[Collected data]
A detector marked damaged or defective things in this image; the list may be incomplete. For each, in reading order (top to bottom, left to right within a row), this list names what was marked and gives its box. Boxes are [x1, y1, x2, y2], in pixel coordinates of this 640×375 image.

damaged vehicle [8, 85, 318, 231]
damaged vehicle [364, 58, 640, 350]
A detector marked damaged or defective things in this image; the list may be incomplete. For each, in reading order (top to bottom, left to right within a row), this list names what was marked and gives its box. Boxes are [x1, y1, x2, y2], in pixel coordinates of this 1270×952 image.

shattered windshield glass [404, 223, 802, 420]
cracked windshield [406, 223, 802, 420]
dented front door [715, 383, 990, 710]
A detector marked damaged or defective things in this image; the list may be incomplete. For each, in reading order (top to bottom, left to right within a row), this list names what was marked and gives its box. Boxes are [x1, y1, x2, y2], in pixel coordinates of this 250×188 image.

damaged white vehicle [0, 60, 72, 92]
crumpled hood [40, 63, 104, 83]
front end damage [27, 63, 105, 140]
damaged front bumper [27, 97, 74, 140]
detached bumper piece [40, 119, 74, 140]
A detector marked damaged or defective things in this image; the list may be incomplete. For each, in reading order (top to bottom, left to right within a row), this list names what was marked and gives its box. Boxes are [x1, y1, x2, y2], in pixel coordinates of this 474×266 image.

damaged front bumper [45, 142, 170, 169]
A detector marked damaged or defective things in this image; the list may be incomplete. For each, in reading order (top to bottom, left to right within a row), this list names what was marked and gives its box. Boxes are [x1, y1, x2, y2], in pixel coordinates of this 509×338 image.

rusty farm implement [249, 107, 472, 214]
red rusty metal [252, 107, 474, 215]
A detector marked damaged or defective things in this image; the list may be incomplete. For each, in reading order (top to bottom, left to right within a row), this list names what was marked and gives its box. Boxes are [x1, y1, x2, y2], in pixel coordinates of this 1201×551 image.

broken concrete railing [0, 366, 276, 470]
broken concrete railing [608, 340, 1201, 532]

● **TASK TO CARRY OUT**: When you reach the line containing "this 509×338 image." in the data above, retype it and each line after it through the final one, exactly as written.

● **YOUR SOLUTION**:
A detector marked damaged or defective things in this image; the list may be incomplete. For each, in reading order (top to bottom, left to right within a row), this list names what was marked and gives its box. Boxes are [x1, y1, x2, y2], in pixel coordinates of this 509×338 image.

rusty farm implement [249, 107, 472, 214]
red rusty metal [252, 107, 474, 215]
A detector marked damaged or defective things in this image; the list may be incomplete. For each, in reading order (top to bottom, left to right within a row), this list names what was marked and gives its box. Boxes are [x1, y1, x2, y2], in pixel coordinates of this 1201×551 image.

broken concrete railing [0, 366, 276, 470]
broken concrete railing [608, 340, 1201, 532]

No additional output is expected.